Warrior Trading Blog

British Pound Trade Lesson | Steve’s Futures Pulse 132

Ah. Oh. Ooh. Oh hey trader happy Friday to you. Well maybe for you today I had a small red day thanks to the British pound. In today’s future pulse I’m gonna show you how and why I got lured into a long position and I knew it was time to call it quits when the market went the other way. Look over my shoulder here and now.

All right should be seeing my 10 minute British pound chart right up here on the screen. First thing I noticed here is I turned on my currency chart here is the British pound was on my radar and although this market could kind of peaked out early up here in that near 131.70 area. I saw the market was in a big breakdown mode here. ‘Kay so what really gravitated my attention here we did start to see some trend exhaustion warning bars down here and this is what we call TAS navigator which actually does a real nice job over a period of time of deducting when the markets likely to run out of steam.

In fact you can see an example of that back a little further on the chart here. Notice how we start getting those magenta color bars here and that’s right about when the market started basically run into its turning point on the upside ride. So that came into play here. This morning here about the time I was looking at the chart was right about here. So what I started to do was started to gear up for an opportunity which, again, probabilities that dictate that. This will often times have a positive outcome even though this was an exception.

We started to see a fall off in volume up above here. Okay so we’re looking for these volume voids or areas where the volume falls off. I’m gonna outline our TAS market map right here which basically takes volume, which you see in the very bottom of my screen down here. We take it, we flip it sideways there. And the reason we do this is we want to see where all the volume is occurring. The areas where there’s the most amount of volume here, here and here so we can look for a little volume gaps or tears of volume fall off because those are the areas where the market will typically move fast and vertically based in market profile.

So here’s how the straight came to life here. This is when this got on my radar this morning. This was about 9:00 in the morning and it was 9:35 right here that we started to see the market give us some closes and kind of test the waters above that supply area. That’s that red horizontal line you see up here so how we initiate the trade here we end up getting long right here on that bar and I’m gonna put a little hash mark. That was at 130.84. Okay things are looking pretty good actually. We still have this volume gap here. Couple long range bars right here which I like to call slip and slide bars.

Typically when the market moves through a historical long range bar like that you’ll tend to see the market follow through. The upside, but it wasn’t meant to be because you could see real quick here the very next bar market sells off and very quickly, guess what? We’re down below the demand area. So you say, “Where do I get out of that trade?” We had put our stop two ticks down below this level right here. Okay. So if you kind of were to cover up the screen right here, put it outside that technical lull and right here is where we end up getting stopped out and now is a price at 130.56.

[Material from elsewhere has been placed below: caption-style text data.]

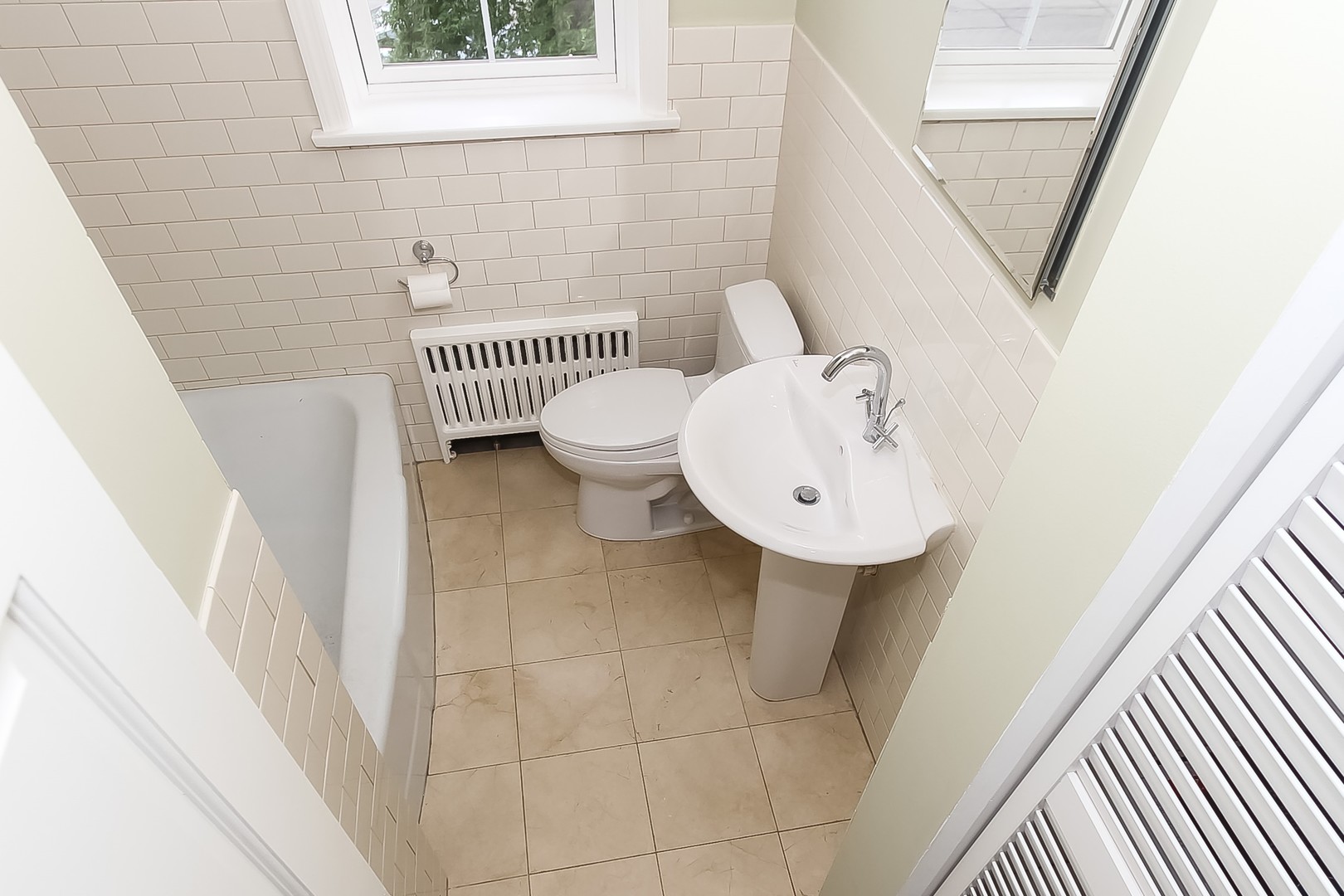 342 Ridge Avenue, Unit 2 Evanston, IL 60202 - Photo 13 of 20 Gallery Image 13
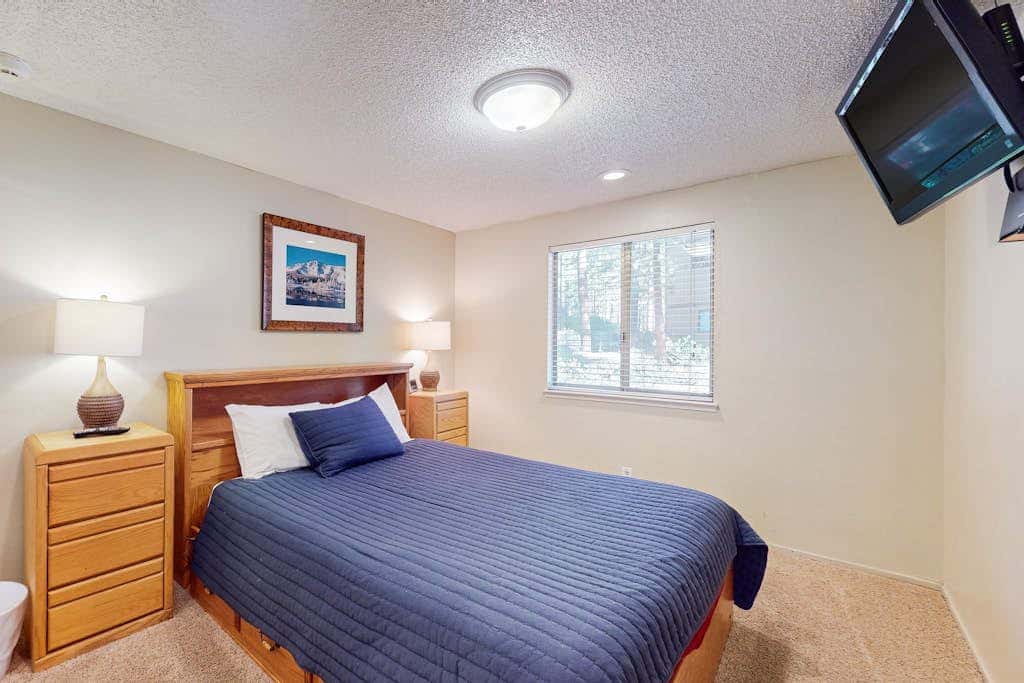 Townhome with pool, sauna, tennis, private hot tub, & foosball, sleeps 8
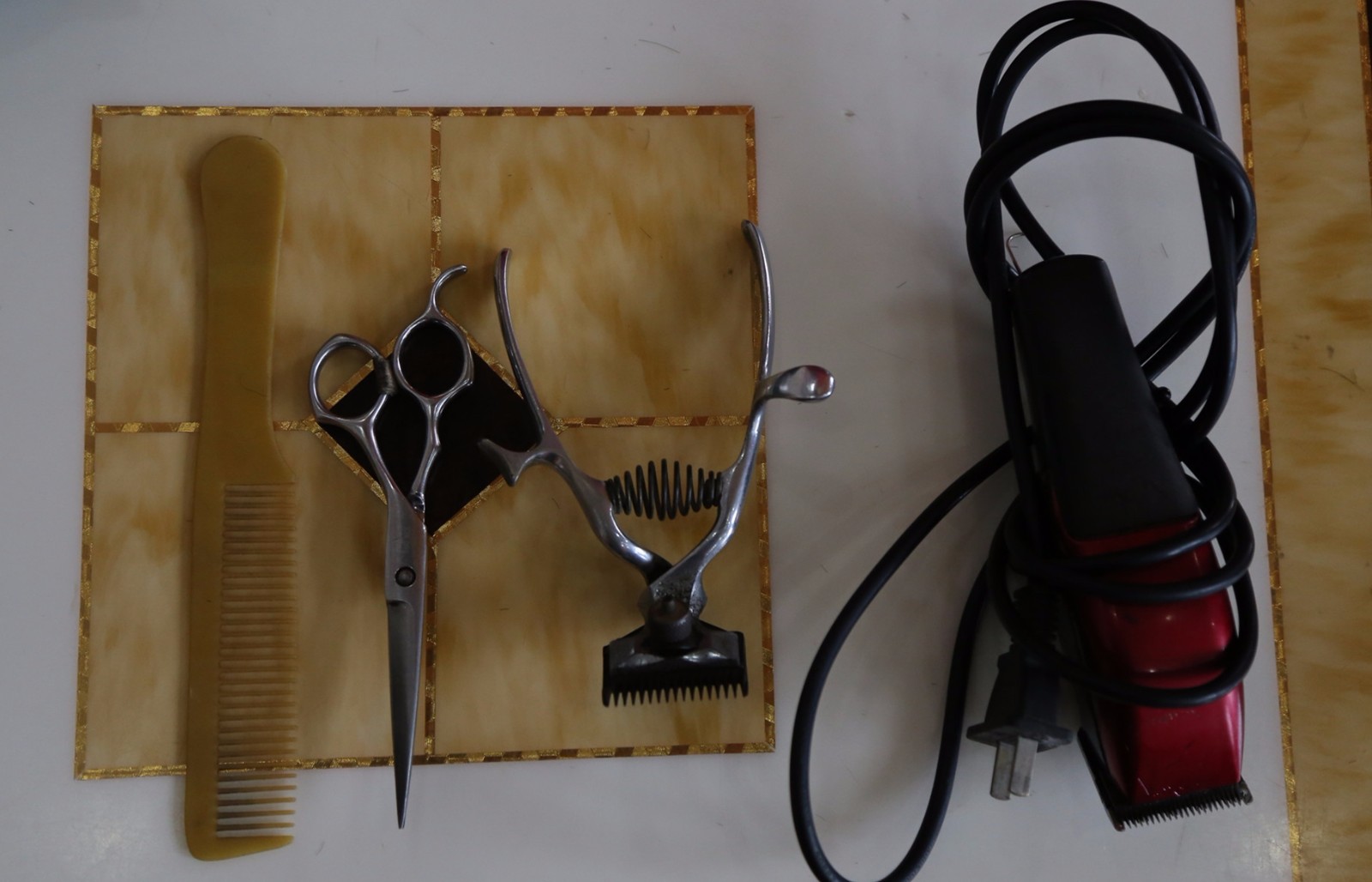 7旬老人理发60载 带徒弟为孩子们"剪龙头"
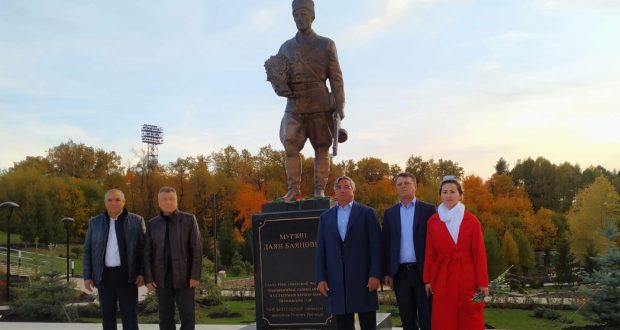 Василь Шайхразиев возложил цветы к памятнику Даяна Мурзина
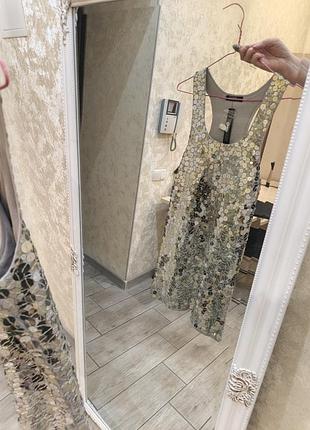 Продам сукню святкову.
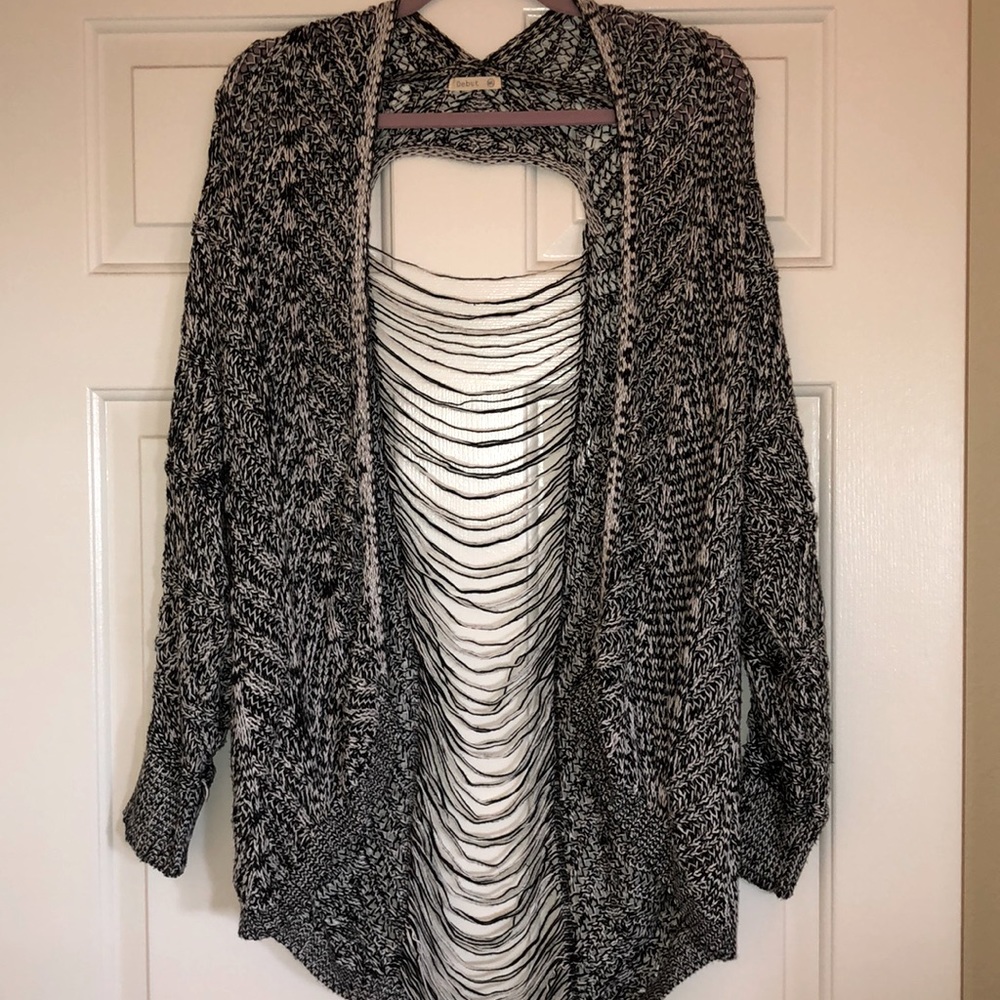 Knitted cardigan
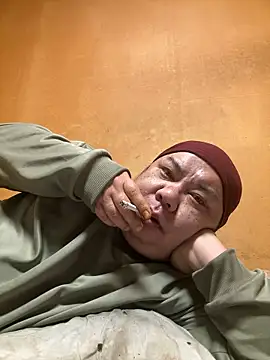 punk0805 online show from December 18, 4:02 pm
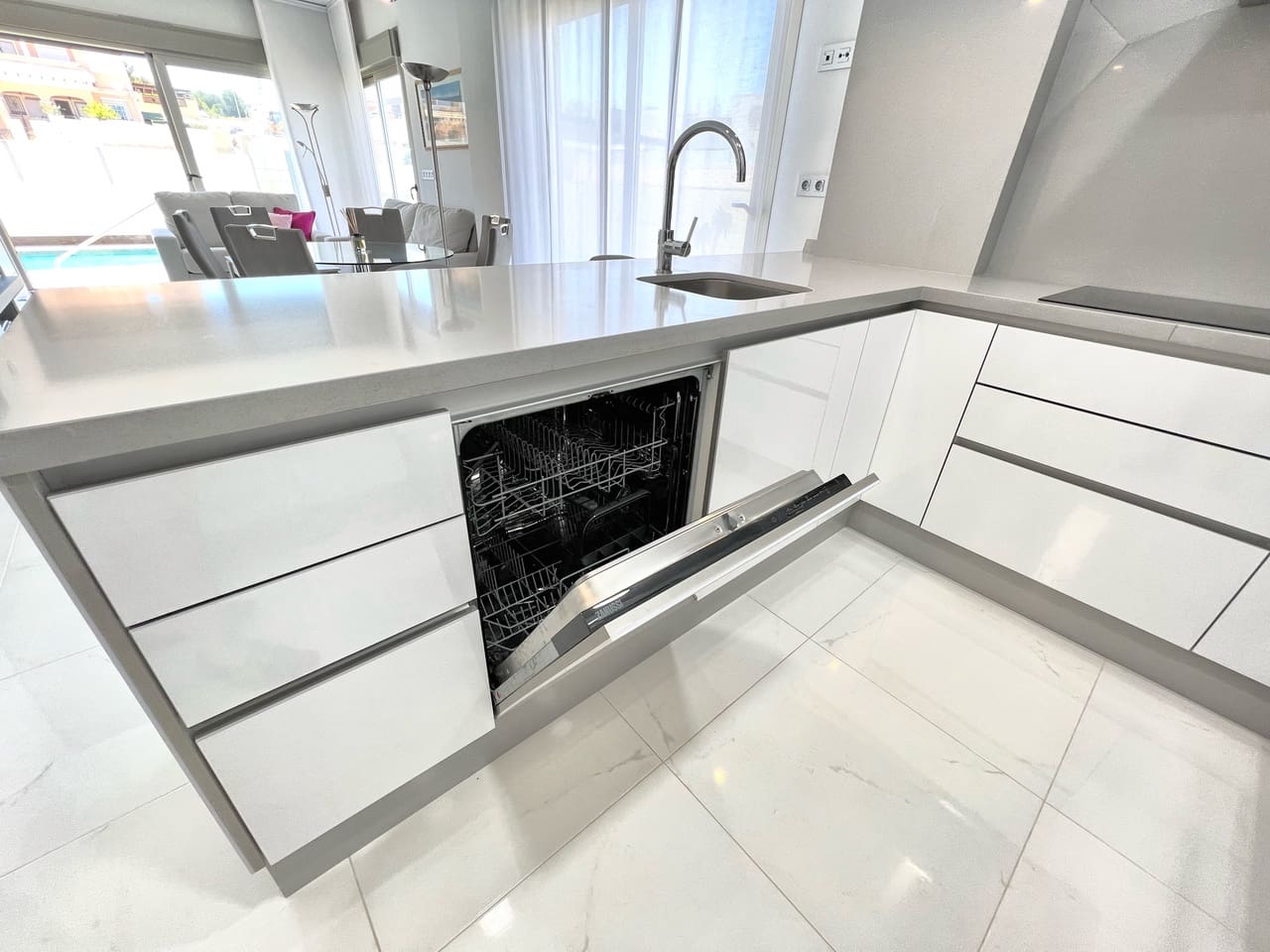 4 bedroom Villa for sale in Punta Prima with pool - € 555,000 (Ref: 9713736)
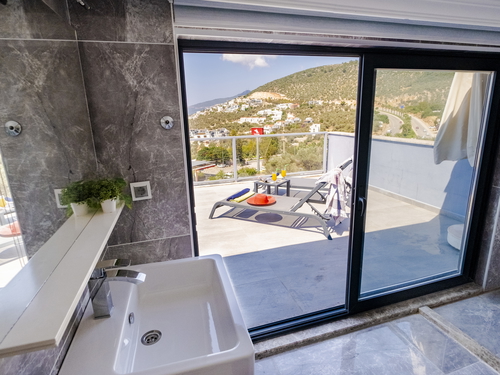 gece - Kasım
| Kalkan Kızıltaş'ta Deniz Manzaralı, Jakuzili Lüks Villa Tatili: 10 Kişilik Özel Cennet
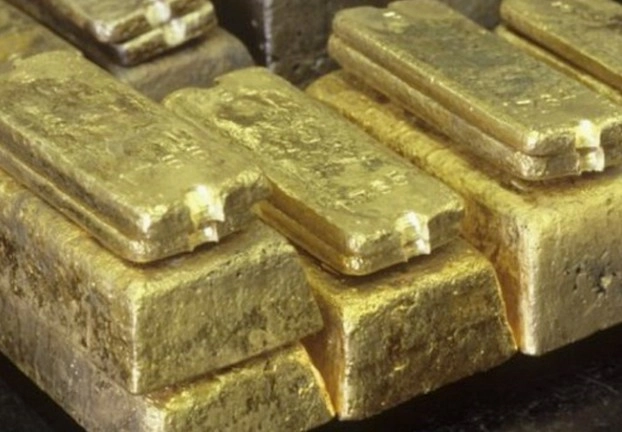 दुनिया में गिरावट के बीच दिल्ली में सोना चमका, चांदी में भी बढ़त - Delhi ‍gold rate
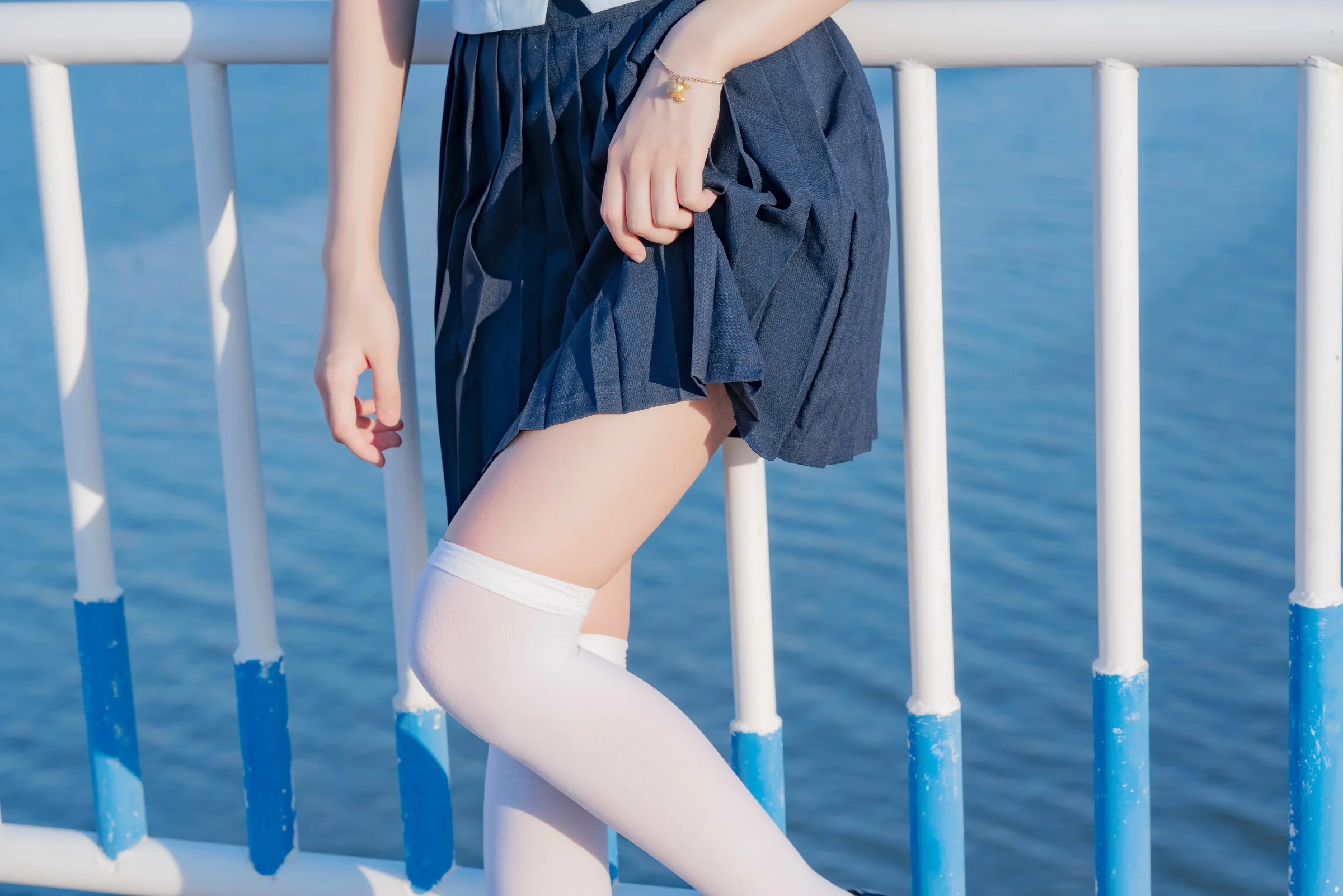 桜桃喵 – 蔚蓝 [33P]｜高清图片集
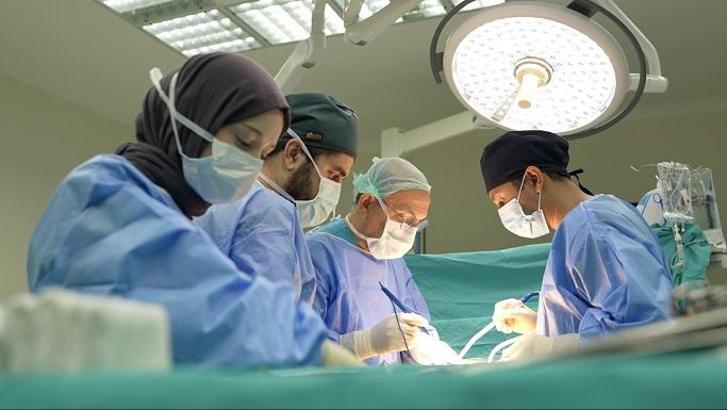 Kansere yakalandı, bağırsağından suni mesane yapıldı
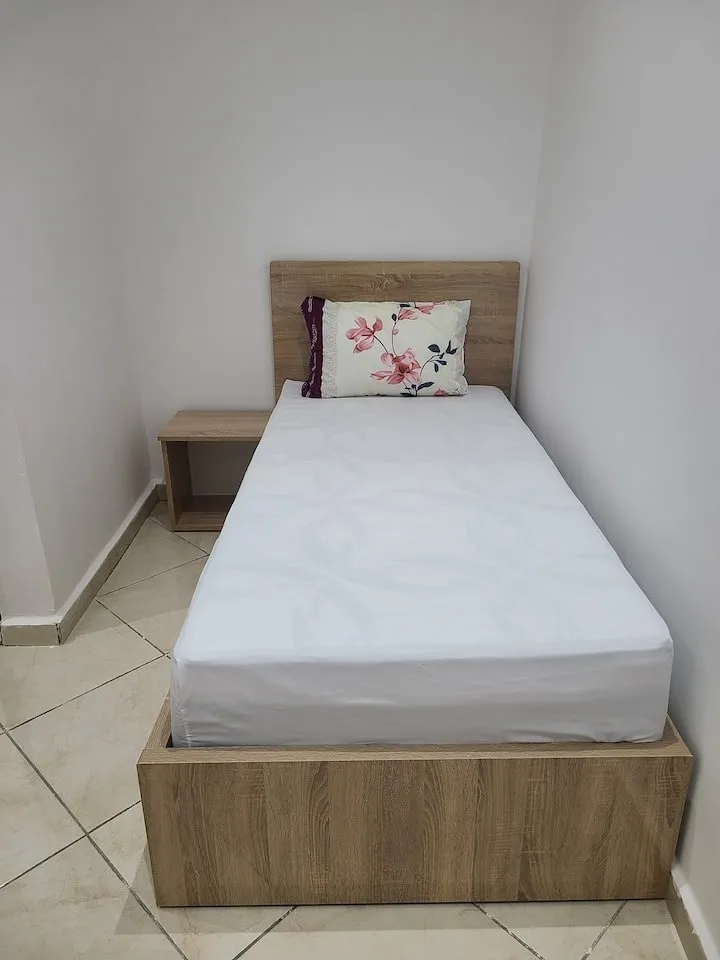 Appartement de luxe à louer à Gezaniya, Tanger, au deuxième étage, de 60 mètres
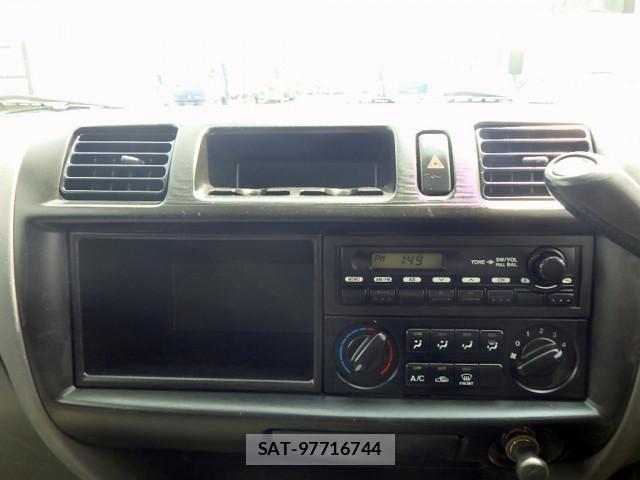 Mazda BONGO TRUCK 2018-05 8229101-15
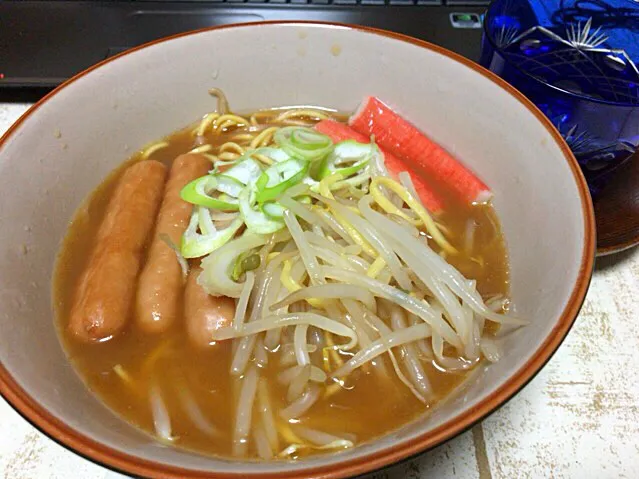 今日の男飯(＞人＜;)夜食バージョン♬
味噌ラーメン♬|ひーちゃんさん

Now that’s 28 ticks at $6.25 times 28 it’s gonna be $175 a contract is what we took right on the chin, ooh, here today. So there’s always a lesson to be learned and one of my favorite things to do even on a day where I pay some tuition to the market on a small loser like this is learn something. So one of the things that I learned on this trade even for myself after all these years I learned too is that the market still had a little ways to go to kind of put in its bottom. You can see that this kind of a short term day trade timeframe trend line actually was still holding relatively well despite that one outlier that you see right here.

So if I could kind of go back and do it again truth be told I’d be giving more credence to the lack of break of that trend line. In fact, again, you can see if I have my cursor I’m gonna do my best to draw a straighter line, connect the descending highs here. Again, I’m gonna do the best I can to do that. And you can see it’s a pretty darn good intraday trend line lower that did not get breached at our point of entry okay. So I’m just gonna have to do a little better next time. Took it for $175 a contract on that long position. Markets are a little wild this morning as many of you know came out with some good numbers this morning at 7:30 am.

So market had a lot of volatility right away, but at the time of this recording here we’re just after the lunch hour here in Chicago things are kind of tampering. We’ll see where things go the rest of the day here today. So I’ll meet you back in the markets on Monday morning. Those of you that will be joining me in the futures trading chat room for the rest of you hope you enjoyed the video. Look forward to having you continue you to follow along. Thanks much and we’ll meet you back in the market soon. Bye-bye.